We are not trying to say katabole has never been used for foundation, but we will prove that this is not its usage in the Bible. Katabole has also been used for the idea of payment. In addition to payment it has been used for an illness, such as an epileptic seizure. Thus we see, like many words, katabole has been used a number of different ways. Our purpose here is to find out its exact usage in the Bible.

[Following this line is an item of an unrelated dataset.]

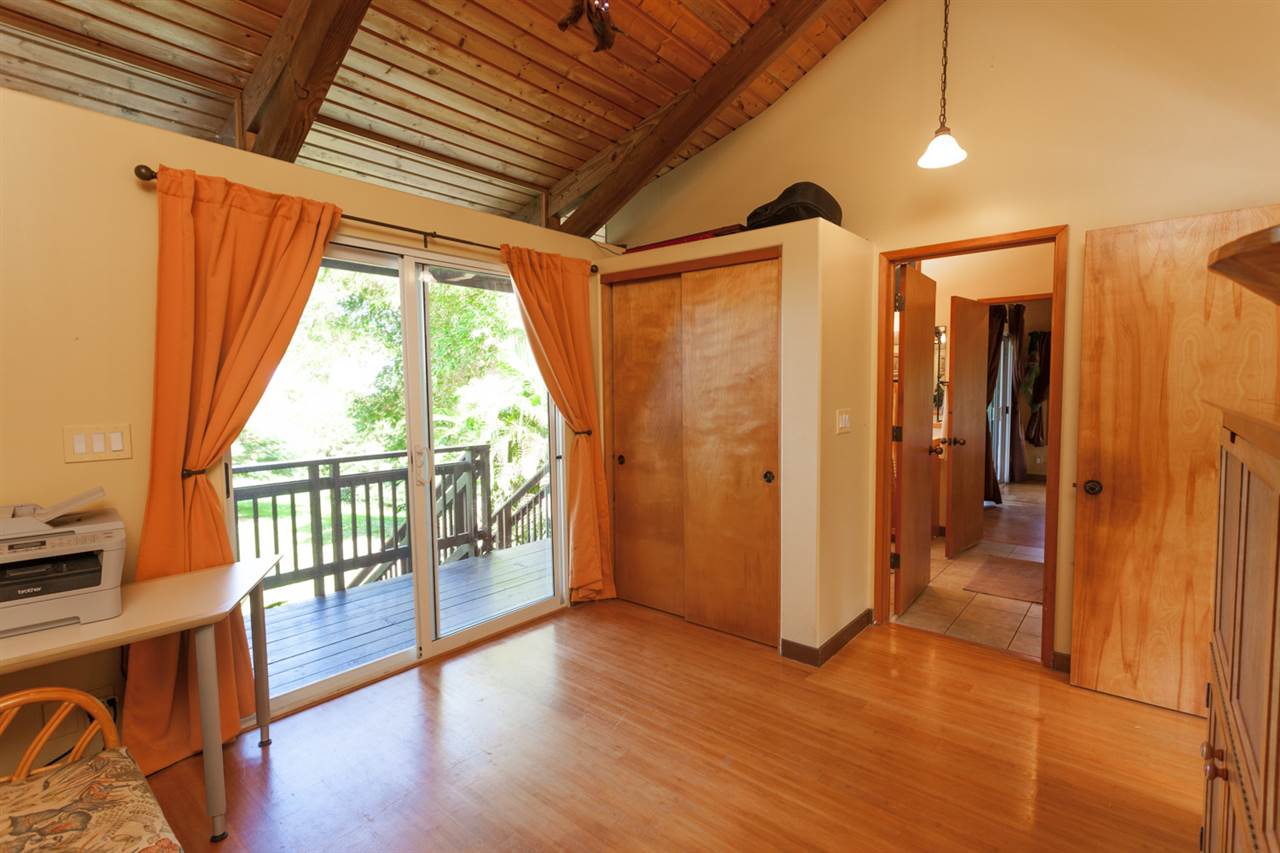 480 Hoolawa Road Haiku, HI 96708 - Photo 26 of 30 a view of hallway with a large window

As we look a little closer at katabole, we notice that its usage for foundation is quite limited. Let us first look at The Classic Greek Dictionary by Follet Publishing Company. This dictionary was prepared by George Ricker Berry, Ph.D., late professor of Semitic Languages at Colgate University and the University of Chicago. This dictionary has had over fifteen printings. It has both Greek to English and English to Greek. In the English-to-Creek section under the word "foundation" about thirteen Greek words for foundation are listed. Katabole is not even listed. Neither does he list it under founder or founding, of which he lists about twelve different words.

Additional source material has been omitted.